FAILING to get a speaker from the Lao People’s Democratic Republic, the organizers of the World Council for Curriculum and Instruction-Asean Regional Conference invited me recently as a former ambassador to that country to share my perspective on education there, providing me an opportunity to make certain points about education in Asean as a whole.
My reopening the Philippine Embassy in Vientiane in 1998 was warmly received by the Lao people because they had wonderful memories of the Philippine presence in the 1960s to 1970s, of the Operation Brotherhood and the Filipino musicians.
Filipino contribution in Laos
The Operation Brotherhood remains among the greatest stories of the accomplishments of Filipinos overseas. Although funded by the United States as a propaganda effort to save Indochina from the communists, the face of OB was Filipino. All its doctors, agriculturists, nutritionists and nurses were Filipinos, and they endeared themselves to the people of this poor country by providing free medical and other services regardless of their affiliation or sympathy for any side of the ongoing Indochina War. The OB people had excellent public relations, treating the people of the local community as brothers and being treated in return as brothers. It is said that all parties in the war would warn the OB of any forthcoming skirmish. I am thus not aware of OB suffering any casualty in the war in Laos.
Another group which made an indelible mark in the Lao landscape of the 1960s and 1970s were the Filipino musicians. It seems the Filipinos, who had by then been dominating the Asian musical scene, pioneered band or combo music in Laos. With the liberalization of the economy and society, the Lao PDR allowed musical nightspots to operate once again.

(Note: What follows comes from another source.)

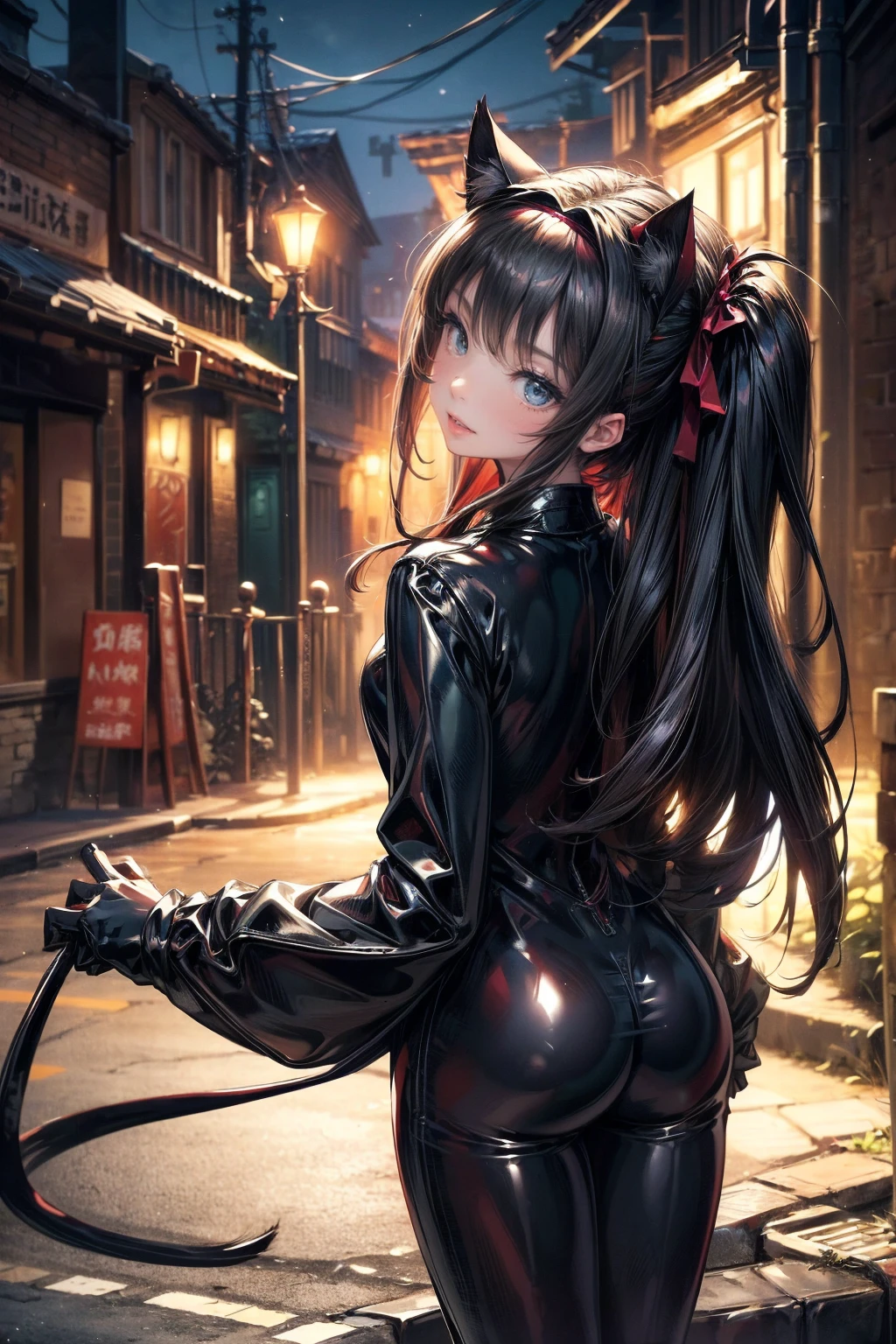 NSFW、One Girl、(20-year-old woman)、Cat ears headband、Cat tail、Black Patent Leather Playsuit、High leg suit、Ultra-thin suit、Cat Pose、Black cat、Back alley at night、Green Eyes、Beautiful eyes、Laugh with fangs out、Faces aiming for prey、Looking from above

Whenever I went to one, the Lao band would stop what they were playing and strike up a masterful rendition of “Dahil Sa Iyo.” Everyone would then know the Philippine Ambassador was around.
Outside of these groups teaching preventive medicine, food security and balancing one’s diet in a time of war, first aid, and kindergarten to the patients’ children, and music to its enthusiasts, I do not think Filipinos were involved too much in education in Laos. Traditional education and education during the French colonial period were not welcoming to Filipinos.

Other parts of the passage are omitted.